Between the Kotwali gate and Mahadipur lies the ruined Gunmant Mosque, a multi-aisled mosque with a central, barrel-vaulted corridor influenced by the earlier Adina Mosque at Pandua. In a mango grove to the north-west is the ruined facade of an old Mughal mosque of the 17th century. Nothing now remains of the Darashari or Lecture Hall, a building similar to the Baradarwazi which lay between Mahadipur and Firuzpur. The Dhunichak Mosque is located in the southern suburbs. Only the west and north walls remain. Close to it is the Rajbibi Mosque. It is a rectangular structure with a domed square prayer chamber and triple-domed veranda. Also in the southern suburbs is the ruined Darasbari Mosque, possessing a central corridor flanked by aisles. The roof structures have long since fallen, but the design is unique.

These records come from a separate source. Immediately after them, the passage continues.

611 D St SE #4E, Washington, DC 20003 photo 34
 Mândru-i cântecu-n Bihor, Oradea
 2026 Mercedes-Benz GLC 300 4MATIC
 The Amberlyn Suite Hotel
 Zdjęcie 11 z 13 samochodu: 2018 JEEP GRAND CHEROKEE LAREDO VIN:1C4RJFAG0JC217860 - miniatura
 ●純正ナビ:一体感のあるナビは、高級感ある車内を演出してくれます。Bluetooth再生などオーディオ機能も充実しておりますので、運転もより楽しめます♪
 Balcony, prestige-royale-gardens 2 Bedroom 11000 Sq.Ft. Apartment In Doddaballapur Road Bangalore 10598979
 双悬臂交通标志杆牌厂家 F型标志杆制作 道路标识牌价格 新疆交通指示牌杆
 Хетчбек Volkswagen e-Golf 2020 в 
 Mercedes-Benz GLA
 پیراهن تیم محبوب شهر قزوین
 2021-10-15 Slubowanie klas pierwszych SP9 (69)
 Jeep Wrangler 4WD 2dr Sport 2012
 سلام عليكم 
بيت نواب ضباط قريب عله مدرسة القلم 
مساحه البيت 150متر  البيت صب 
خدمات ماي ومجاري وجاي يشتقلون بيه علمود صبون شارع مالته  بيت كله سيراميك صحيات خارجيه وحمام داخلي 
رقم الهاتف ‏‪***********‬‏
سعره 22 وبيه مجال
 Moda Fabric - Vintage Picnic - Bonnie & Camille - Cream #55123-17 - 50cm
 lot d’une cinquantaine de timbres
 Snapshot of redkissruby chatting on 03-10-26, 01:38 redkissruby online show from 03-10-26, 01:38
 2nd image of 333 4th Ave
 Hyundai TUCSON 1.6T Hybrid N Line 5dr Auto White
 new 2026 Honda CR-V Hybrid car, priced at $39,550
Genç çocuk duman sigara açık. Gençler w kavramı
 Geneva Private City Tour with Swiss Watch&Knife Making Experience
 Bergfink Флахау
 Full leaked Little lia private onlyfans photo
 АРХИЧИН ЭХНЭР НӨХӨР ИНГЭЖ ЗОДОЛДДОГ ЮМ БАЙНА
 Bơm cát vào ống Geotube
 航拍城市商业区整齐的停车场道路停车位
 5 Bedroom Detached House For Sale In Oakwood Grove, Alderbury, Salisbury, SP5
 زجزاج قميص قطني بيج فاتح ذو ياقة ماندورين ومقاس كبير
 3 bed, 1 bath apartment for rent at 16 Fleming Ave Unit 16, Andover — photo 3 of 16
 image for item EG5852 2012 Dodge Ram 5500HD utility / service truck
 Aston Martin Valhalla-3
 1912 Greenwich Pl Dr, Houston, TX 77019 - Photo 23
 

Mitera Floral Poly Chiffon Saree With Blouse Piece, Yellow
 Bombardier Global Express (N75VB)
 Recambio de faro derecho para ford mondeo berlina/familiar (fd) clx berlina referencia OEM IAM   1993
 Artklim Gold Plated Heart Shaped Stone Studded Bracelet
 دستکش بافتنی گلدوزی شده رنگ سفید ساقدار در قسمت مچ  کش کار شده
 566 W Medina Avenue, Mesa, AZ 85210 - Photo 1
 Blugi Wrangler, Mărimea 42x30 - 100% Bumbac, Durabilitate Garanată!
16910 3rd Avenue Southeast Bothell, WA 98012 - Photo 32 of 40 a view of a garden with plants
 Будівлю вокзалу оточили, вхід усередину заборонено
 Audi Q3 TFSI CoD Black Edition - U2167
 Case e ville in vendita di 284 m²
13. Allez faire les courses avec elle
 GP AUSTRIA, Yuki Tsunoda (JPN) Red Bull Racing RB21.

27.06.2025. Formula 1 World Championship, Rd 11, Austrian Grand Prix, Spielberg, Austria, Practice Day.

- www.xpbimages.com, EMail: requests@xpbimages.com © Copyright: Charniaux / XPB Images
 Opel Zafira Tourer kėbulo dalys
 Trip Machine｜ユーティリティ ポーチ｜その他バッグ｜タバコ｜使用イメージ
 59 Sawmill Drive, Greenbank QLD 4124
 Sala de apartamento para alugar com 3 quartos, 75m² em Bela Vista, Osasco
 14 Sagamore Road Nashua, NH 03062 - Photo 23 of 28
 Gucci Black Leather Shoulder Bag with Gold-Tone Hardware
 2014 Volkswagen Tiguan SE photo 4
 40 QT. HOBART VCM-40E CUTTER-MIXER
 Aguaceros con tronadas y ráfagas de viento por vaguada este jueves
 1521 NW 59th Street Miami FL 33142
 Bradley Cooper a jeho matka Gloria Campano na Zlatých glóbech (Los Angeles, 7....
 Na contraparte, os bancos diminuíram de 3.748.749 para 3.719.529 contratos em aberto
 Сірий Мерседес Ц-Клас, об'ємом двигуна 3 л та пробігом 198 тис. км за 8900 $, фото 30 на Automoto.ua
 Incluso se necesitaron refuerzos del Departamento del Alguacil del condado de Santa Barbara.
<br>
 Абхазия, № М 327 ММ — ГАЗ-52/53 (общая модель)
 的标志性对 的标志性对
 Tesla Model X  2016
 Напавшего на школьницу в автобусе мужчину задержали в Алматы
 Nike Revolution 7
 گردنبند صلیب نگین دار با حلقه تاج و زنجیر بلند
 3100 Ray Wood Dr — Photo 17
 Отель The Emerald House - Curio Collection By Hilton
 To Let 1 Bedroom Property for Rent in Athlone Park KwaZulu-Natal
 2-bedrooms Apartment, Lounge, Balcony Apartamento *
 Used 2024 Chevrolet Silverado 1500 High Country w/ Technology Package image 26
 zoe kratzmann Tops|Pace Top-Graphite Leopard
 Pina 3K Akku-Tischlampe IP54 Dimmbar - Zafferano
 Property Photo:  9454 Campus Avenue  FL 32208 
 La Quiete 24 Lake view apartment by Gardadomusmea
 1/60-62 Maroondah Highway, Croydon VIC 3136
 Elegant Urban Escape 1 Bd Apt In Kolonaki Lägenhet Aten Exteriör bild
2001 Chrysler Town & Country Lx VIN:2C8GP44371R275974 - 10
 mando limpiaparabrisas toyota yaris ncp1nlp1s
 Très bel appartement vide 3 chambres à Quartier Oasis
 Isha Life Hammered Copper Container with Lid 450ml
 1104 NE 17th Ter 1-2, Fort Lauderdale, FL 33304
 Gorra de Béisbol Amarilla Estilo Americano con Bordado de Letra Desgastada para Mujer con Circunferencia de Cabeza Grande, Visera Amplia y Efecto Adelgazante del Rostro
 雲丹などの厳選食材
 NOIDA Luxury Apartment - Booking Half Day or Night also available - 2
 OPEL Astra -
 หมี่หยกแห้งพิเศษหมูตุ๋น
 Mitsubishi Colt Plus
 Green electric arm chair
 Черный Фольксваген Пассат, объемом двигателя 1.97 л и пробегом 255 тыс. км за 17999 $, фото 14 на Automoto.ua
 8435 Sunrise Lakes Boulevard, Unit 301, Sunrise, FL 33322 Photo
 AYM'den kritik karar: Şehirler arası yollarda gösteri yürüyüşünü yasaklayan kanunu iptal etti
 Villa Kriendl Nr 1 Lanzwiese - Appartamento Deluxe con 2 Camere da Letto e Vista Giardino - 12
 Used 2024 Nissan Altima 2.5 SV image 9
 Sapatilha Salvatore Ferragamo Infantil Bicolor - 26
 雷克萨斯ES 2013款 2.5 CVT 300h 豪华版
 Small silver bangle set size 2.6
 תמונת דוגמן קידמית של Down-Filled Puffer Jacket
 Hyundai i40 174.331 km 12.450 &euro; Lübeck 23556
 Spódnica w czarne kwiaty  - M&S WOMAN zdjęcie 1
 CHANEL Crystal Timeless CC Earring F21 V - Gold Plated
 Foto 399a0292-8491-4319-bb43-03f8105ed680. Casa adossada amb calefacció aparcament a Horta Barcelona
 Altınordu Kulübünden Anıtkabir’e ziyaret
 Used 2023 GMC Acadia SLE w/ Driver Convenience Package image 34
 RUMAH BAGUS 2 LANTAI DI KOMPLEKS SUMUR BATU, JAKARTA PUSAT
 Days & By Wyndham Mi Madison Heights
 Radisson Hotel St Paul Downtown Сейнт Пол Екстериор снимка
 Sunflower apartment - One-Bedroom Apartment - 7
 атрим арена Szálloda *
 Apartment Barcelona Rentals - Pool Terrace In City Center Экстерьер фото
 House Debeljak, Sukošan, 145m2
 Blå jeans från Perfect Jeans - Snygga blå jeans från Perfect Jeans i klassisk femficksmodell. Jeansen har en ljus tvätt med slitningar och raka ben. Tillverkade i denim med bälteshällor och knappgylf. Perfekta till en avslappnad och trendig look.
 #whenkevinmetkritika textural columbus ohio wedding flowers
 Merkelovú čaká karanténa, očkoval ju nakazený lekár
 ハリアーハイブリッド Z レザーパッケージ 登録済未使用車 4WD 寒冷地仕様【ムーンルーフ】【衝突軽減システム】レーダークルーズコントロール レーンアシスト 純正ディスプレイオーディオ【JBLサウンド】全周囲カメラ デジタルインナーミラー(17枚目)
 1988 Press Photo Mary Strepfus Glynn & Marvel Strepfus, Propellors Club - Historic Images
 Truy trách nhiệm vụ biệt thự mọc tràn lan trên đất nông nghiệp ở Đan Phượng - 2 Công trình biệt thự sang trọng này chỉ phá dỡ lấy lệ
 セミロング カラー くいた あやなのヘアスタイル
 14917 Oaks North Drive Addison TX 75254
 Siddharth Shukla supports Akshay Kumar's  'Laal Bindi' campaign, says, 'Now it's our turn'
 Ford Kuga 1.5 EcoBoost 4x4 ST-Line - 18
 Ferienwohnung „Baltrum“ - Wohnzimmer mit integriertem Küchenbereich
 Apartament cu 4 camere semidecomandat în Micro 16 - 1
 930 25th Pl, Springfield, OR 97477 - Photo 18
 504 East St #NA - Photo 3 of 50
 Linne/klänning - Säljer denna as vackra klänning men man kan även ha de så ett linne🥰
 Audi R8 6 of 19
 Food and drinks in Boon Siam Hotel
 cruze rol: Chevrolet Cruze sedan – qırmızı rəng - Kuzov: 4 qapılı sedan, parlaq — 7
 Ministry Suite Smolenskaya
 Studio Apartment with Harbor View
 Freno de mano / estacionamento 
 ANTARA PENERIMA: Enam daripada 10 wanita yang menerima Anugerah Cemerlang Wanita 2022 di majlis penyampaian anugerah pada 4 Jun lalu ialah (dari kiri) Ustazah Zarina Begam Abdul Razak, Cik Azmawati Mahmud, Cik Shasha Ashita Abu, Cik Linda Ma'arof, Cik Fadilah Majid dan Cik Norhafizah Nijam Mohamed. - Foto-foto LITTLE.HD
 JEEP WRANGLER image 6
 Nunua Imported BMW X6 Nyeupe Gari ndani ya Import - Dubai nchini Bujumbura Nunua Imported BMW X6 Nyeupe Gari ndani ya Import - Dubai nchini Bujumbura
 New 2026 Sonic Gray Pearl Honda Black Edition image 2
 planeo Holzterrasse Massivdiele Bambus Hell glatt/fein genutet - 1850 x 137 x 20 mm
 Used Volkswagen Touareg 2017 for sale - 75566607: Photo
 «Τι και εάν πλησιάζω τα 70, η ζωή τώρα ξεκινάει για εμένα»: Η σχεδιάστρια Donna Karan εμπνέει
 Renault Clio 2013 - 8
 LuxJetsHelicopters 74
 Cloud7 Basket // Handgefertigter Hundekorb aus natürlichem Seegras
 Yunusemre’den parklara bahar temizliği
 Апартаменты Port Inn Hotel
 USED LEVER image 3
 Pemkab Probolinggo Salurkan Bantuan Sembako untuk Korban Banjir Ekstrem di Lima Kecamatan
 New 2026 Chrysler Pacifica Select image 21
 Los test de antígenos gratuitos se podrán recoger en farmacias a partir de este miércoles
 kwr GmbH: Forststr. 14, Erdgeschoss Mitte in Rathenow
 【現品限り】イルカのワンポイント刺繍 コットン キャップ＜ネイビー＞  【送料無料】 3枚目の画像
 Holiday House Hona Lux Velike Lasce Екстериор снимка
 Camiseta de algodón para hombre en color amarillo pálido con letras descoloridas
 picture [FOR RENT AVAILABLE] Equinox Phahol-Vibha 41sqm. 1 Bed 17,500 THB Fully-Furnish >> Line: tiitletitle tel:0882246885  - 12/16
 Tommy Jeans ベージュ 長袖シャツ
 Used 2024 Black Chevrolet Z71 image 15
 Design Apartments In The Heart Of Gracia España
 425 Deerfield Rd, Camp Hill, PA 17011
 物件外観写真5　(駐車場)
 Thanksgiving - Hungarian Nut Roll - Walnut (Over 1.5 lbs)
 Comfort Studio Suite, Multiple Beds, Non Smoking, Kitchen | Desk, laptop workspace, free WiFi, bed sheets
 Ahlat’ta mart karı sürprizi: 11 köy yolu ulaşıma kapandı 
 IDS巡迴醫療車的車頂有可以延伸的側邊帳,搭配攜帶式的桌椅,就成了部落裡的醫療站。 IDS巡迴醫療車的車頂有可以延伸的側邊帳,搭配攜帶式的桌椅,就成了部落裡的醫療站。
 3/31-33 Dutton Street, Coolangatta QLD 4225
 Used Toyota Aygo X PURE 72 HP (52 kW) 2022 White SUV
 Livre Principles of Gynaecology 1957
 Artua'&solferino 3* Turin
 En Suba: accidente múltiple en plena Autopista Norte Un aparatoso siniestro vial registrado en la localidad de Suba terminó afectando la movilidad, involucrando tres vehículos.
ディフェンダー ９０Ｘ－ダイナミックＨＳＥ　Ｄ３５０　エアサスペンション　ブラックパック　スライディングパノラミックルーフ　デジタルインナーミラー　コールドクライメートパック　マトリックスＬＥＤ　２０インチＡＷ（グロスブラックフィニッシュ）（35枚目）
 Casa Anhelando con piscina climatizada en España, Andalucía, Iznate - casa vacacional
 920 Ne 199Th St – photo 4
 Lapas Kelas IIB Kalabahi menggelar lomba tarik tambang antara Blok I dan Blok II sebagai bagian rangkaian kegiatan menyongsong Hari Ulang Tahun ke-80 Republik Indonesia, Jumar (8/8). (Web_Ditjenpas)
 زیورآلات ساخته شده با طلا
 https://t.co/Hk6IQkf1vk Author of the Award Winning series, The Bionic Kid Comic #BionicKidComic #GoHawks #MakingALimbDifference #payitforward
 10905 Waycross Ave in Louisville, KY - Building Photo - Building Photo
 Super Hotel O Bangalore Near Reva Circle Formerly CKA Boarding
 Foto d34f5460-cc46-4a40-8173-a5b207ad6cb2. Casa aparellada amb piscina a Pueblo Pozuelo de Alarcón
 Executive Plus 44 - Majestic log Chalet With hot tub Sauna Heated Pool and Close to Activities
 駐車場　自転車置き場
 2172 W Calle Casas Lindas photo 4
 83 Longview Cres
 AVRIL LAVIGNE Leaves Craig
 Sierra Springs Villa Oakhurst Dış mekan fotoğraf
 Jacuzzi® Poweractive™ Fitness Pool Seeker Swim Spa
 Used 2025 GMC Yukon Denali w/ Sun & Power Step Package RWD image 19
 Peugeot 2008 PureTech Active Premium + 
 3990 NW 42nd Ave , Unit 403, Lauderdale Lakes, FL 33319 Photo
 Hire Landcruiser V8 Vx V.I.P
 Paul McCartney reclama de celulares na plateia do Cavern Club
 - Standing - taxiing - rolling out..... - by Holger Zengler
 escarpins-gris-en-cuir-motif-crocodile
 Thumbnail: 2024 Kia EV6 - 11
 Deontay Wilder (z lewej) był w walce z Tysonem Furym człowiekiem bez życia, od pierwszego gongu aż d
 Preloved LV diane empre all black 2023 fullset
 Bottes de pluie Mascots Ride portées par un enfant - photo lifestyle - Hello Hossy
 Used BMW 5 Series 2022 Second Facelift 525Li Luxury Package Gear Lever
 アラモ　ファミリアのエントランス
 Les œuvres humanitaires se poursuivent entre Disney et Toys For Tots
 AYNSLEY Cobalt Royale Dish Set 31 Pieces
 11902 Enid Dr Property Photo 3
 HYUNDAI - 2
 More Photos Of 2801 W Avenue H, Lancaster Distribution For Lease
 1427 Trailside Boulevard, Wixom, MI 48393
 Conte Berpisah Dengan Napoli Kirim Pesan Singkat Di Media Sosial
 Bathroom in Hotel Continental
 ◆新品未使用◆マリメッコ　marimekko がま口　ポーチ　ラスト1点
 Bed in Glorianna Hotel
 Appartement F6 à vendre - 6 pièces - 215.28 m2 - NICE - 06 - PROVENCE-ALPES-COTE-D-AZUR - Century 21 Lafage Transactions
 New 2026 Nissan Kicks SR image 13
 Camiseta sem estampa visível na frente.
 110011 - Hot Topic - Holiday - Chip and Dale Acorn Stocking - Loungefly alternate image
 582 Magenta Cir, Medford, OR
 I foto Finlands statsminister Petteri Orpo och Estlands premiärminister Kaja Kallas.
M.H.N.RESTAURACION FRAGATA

The Tomb and Mosque of Shah Nimat Allah lie in Firuzpur, at a distance of eight hundred meters to the north-west of the Chota Sona Mosque. The mosque is attributed to Shah Shuja, Governor of Bengal. The sarcophagus lies in a square, central chamber surrounded by a domed, vaulted veranda. Apart form these; there are several historical monuments which offer a suitable opportunity for those interested in the history of India as well as general tourists.